Dennoch bleibe ich stets an dir, denn du hältst mich bei meiner rechten Hand; du leitest mich nach deinem Rat und nimmst mich am Ende mit Ehren an.
„…doch wenn ich auf das Ende seh…“
Sicher fällt jedem bei diesen Worten Wilhelm Busch ein. Und was hat er alles gezeichnet!
Anders: warum hat er es gezeichnet? Als geschulter Pädagoge schüttelt man wissend den Kopf – und doch hat es seinen Reiz! Eigentümlich, die Geschichten von Max und Moritz kennt man eben! Wilhelm Busch, übrigens ein Mann, der eigentlich still und zurückgezogen manchmal doch aus der Isolation herausgetreten ist und Gottesdienste gehalten hat, erklärte: „Nur was wir glauben, wissen wir gewiss“.
Mag man an seinen pädagogischen Fähigkeiten noch so sehr zweifeln, er wollte nicht vom Ende reden, sondern den Anfang gestalten…
Und ich finde mich darin wieder, dass ich manchmal frage: wird es dir auch nicht leid tun, wenn du jetzt dies und das tust?
Wie oft frag ich am Ende eines Tages: War es richtig, war es falsch? – und wie oft ärgere ich mich auch darüber im Wissen, etwas versäumt oder falsch gemacht zu haben…
Und dennoch gefällt mir die Drohung mit dem Ende nicht! Ich möchte nicht aus der Angst vor dem Bösen gut sein; ich möchte nicht aus Furcht vor dem Gericht Gottes an ihn glauben. Nicht die Abschreckung finde ich in der Bibel. Und Menschen, die das Böse aus Furcht vor Strafe nicht tun, sind dennoch keine besseren Menschen!
Die Bibel, übrigens schon das Alte Testament, lockt mit dem Guten. Und auch hier geht es eigentlich noch lang nicht um das Ende, sondern um ein ganz anderes Leben, um ein befreites und glückliches, weil das Ende gut ist! Wenn ich weiß, dass morgen ein Tag ist, an dem ich behütet sein werde, wird mein Tag heut ganz anders frei und glücklich sein, selbst wenn dieser Tag heut schwer ist!
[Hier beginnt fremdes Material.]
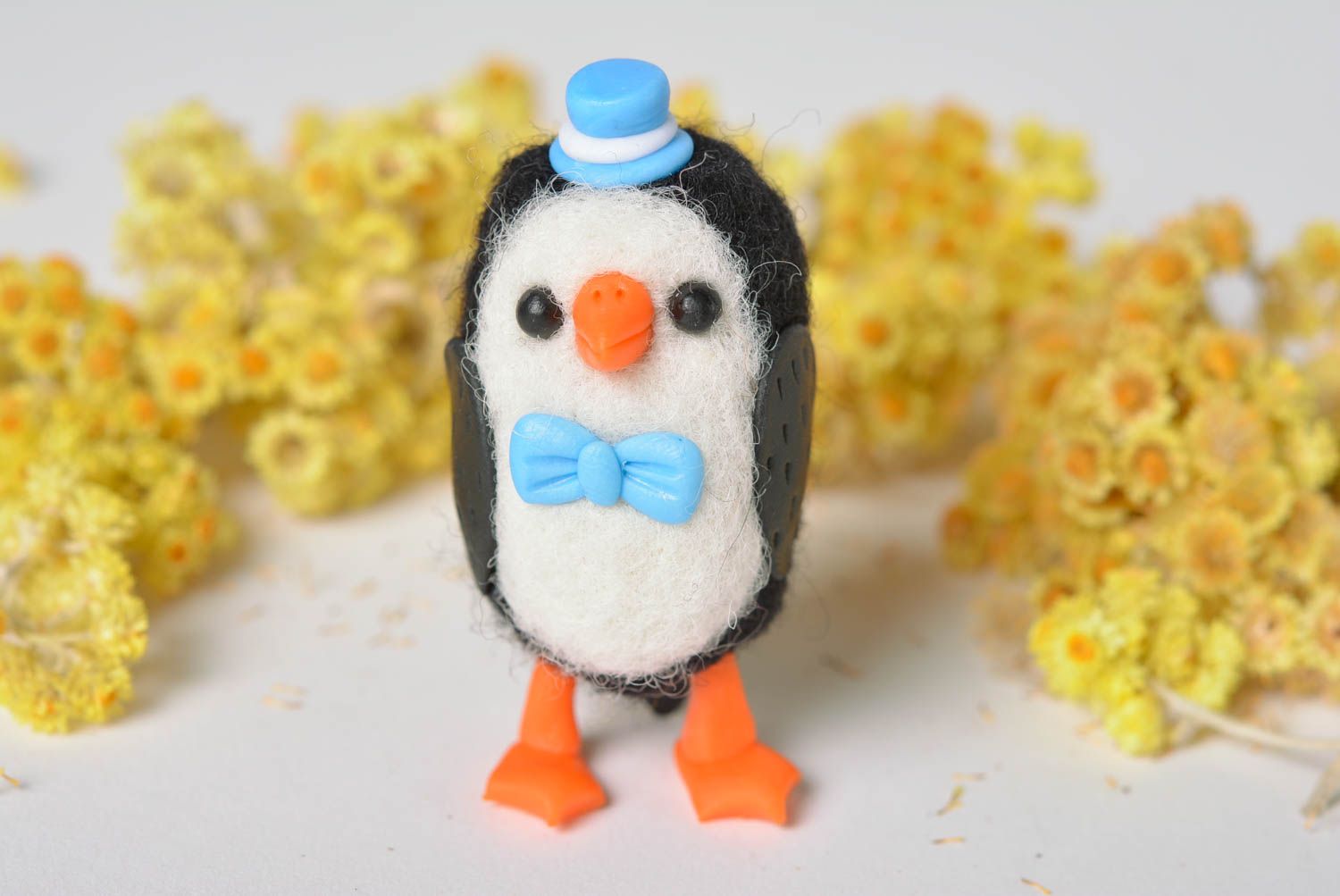 Handmade Spielzeug aus Filz Spiel Figur Pinguin Miniatur Figur mini Spielzeug  foto 1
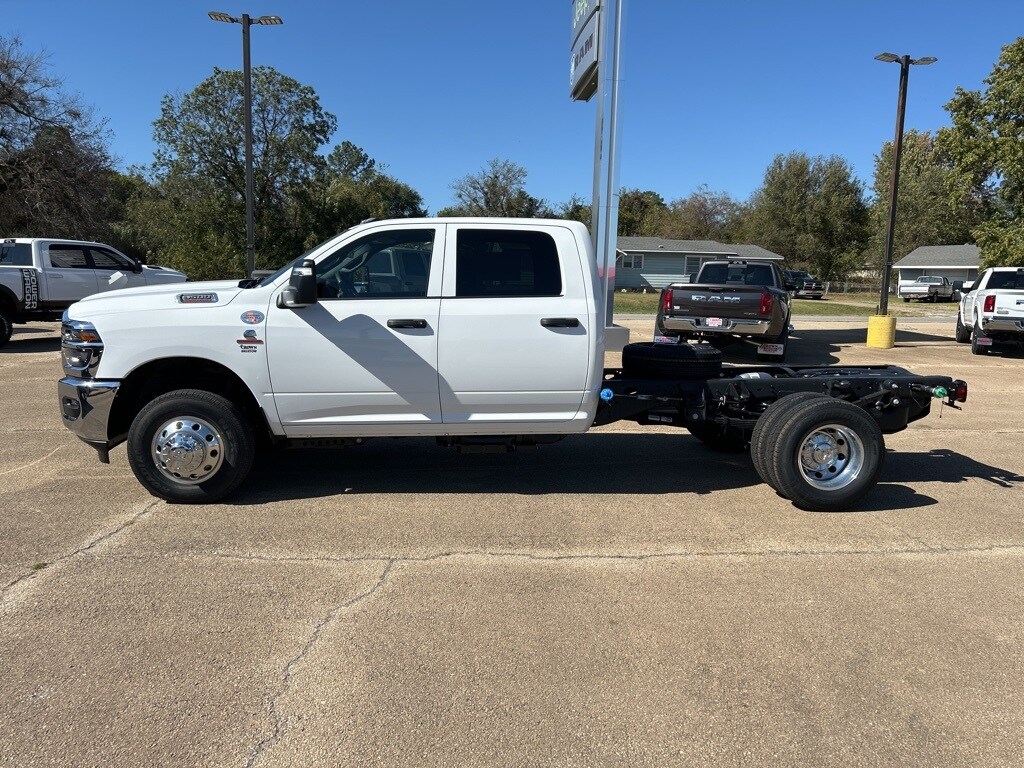 2026 Ram 3500 Tradesman photo 2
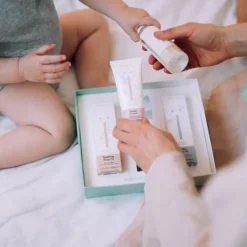 Naïf Newborn Essentials Geschenkset Sale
Ja, es gibt ähnlich klingende Bibelworte:
„Lehre mich bedenken, dass … mein Leben ein Ziel hat und ich davon muss…! – Was für ein hartes Wort!
Kann man so an den gütigen und liebenden Gott glauben?: Nach einem Streit war ich mit dem Auto unterwegs, und fast hätte mir einer die Vorfahrt geschnitten – ich stand da:
Nein, da war nicht der Zorn auf den andern. Da war das Erschrecken über mich selbst:
Wenn das jetzt das Letzte gewesen wäre, und du würdest so vor Gott stehen…, und die andern würden dich so in Erinnerung behalten… Ich denke, das war ein heilsames Erschrecken:
Mir fiel dabei eine bittere und schwere Beerdigung ein: Und eine Frau kondolierte der Witwe mit den Worten: „Alle guten Männer sterben, meiner stirbt nicht!“.
Ich jedenfalls bin zurückgefahren und hab den Streit aus der Welt geschafft. Das hat uns so gut getan! Und einer unsrer Söhne erklärt: „Jetzt darf ich wieder lachen?!“ Das hat mich getroffen – wo Gott uns doch das Lachen geschenkt hat!
Seitdem denk ich manchmal an das heilsame Erschrecken – und wo ich daran denke, denk ich eigentlich nicht an den Friedhof und nicht ans Sterben, sondern gerade ans Leben, an meine Frau, an meine Kinder, an meine Gemeinde… und ich muss lächeln:
Nein, ich wünsche keinem, dass ihm „einer an den Karren fährt“. Aber ich wünsche uns schon, dass wir die Zeit, die Gott uns schenkt, so leben, dass sie zur Freude wird! Weil wir wissen:
Unsere Botschaft ist das Leben und nicht das Zittern vor dem Ende. Unsere Botschaft ist, dass der Blick aufs Heil uns zur Heilung dient, hier schon. …dass wir eines Tages sagen können: Es hat uns gut getan, wir haben ganz anders gelebt, befreit und dankbar – weil wir wissen: wir bleiben in Gottes guter Hand – hier und dort.